DMCA safe harbour is shield against liability for copyright infringement by users
In the United States, the DMCA provides a safe harbour to qualifying website operators to avoid liability for user infringement. The DMCA was passed in 1998 to balance the rights of copyright owners with the needs of website operators in the face of rapidly developing online technology. US website operators which qualify for the DMCA safe harbour cooperate with copyright owners to remove infringing content. As US law, the DMCA cannot be used to take down infringing content in other countries, but copyright owners can access similar notice and takedown systems in other countries, including Canada and EU member states.
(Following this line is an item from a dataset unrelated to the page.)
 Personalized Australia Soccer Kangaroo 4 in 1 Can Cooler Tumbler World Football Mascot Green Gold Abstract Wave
Users who post infringing content on a website or mobile app are liable for copyright infringement. Websites that publish infringing content from users may be liable for the user's infringement, unless the operator qualifies for safe harbour protection. Since website operators are more likely to be able to pay damages than a user, and are easier to identify, copyright owners are more likely to target the operator if it does not have safe harbour protection. An unprotected website operator risks finding itself the sole defendant in copyright litigation over infringing materials posted to the website by a user.
Qualifying for safe harbour protection
Registering an agent at the US Copyright Office is an important but often overlooked requirement to qualify for the safe harbour. The registry provides contact information for copyright owners desiring to request removal of infringing material from a website. The agent:
- communicates with the copyright owner and the user;
- sends DMCA notices; and
- is crucial to the smooth operation of the DMCA notice and takedown system, protecting the rights of copyright owners and website operators from liability for their users' copyright infringement.
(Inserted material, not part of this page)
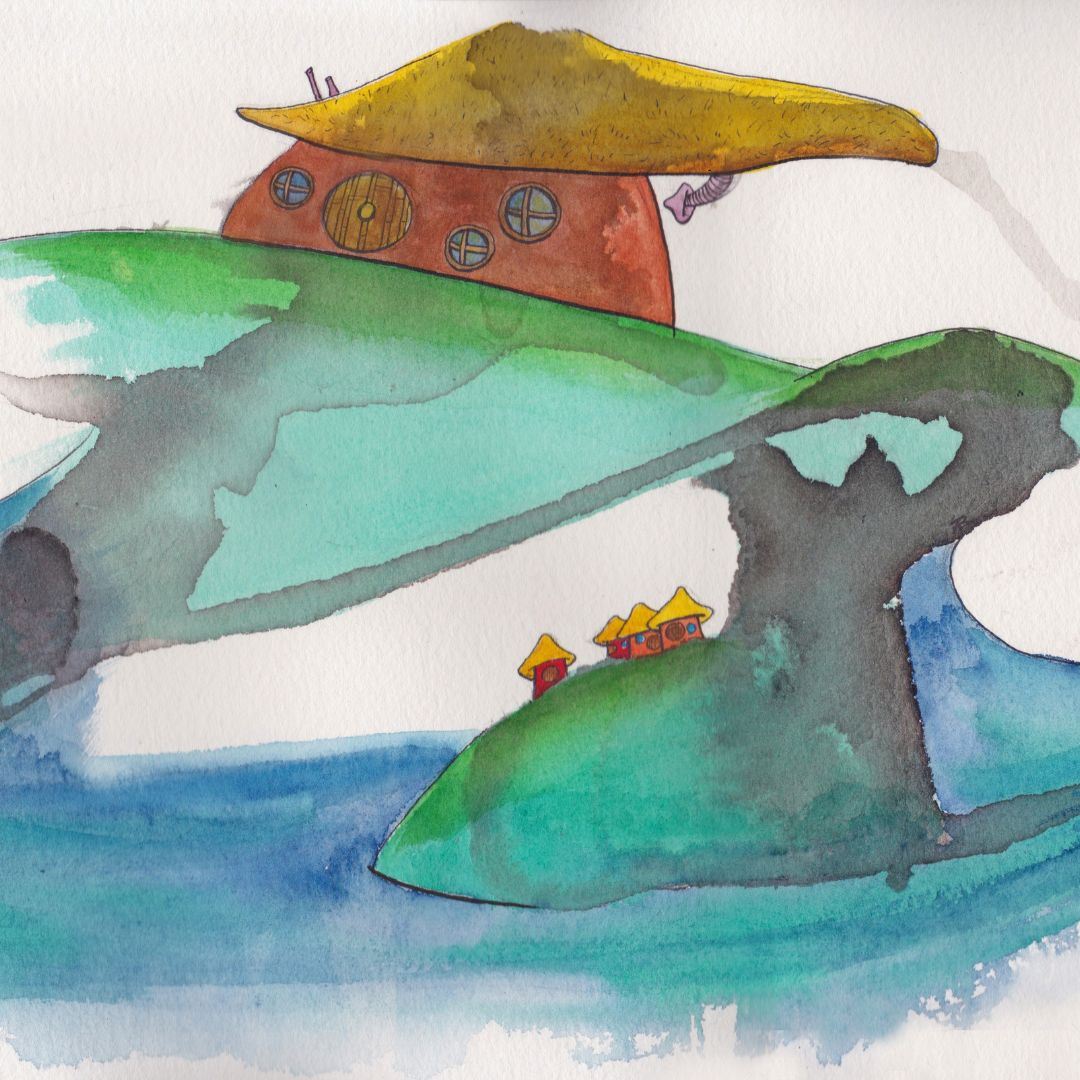 ink and watercolor web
Failing to comply with every DMCA requirement voids the safe harbour. If copyright infringement occurs on a website while the operator is ineligible for the safe harbour, it may be liable for copyright infringement. Website operators which desire safe harbour protection must meet all requirements under the DMCA, including:
- operating an interactive website or mobile app platform in the United States (eg, social media, media platforms, hosting companies, search engines and shopping platforms);
- displaying an appropriate DMCA copyright policy on its website;
- designating an agent in such copyright policy to receive DMCA notifications;
- registering the agent in the US Copyright Office's new online registry system;
- maintaining accurate agent information on the website and in the US Copyright Office;
- updating agent designations promptly when information changes;
- renewing agent designations at the US Copyright Office every three years; and
- complying with the DMCA notice and takedown procedures.
While website operators which previously registered agents have until December 31 2017 to re-register in the new directory, if the designated agent information is no longer accurate the website operator should re-register the agent in the new directory now.
Key changes under new registration system
By modernising and updating the agent registry system, some features in the registry have changed (mostly for the better). The following new features in the directory are important to understand:
- Website operators may hire a third party to serve as account holder to manage agent designation(s) on its behalf, provided that the operator agrees to accept the risk that it could lose the DMCA safe harbour protection if the third-party account holder fails to provide accurate information, update designations or renew designations in the directory.
- Website operators may use third parties as designated agents. This option allows large or small service providers to outsource the DMCA notice and takedown procedure. Using a third party as designated agent may allow for the faster and more efficient processing of mailed notices.
- Agents should not be identified by personal names. Website operators may instead identify the agent as a position title, a department or a third-party organisation.
- Website operators must list all names that identify the operator, including trade names, product names, domain names, mobile app names and other commonly used names for the website operator. The new directory accepts bulk uploads of alternate names using spreadsheets that will populate in the new directory.
- Search results will indicate whether a website operator's agent designation is active or inactive. Inactive status alerts copyright owners that the website is without safe harbour status.
- The old directory will be archived on January 1 2018 and all agent designations will be marked inactive. Only designations made in the new directory will satisfy the statutory requirement for qualifying for safe harbour protection.
- Website operators which fail to re-register in the new online system will not be protected by the DMCA safe harbour until a new registration is made.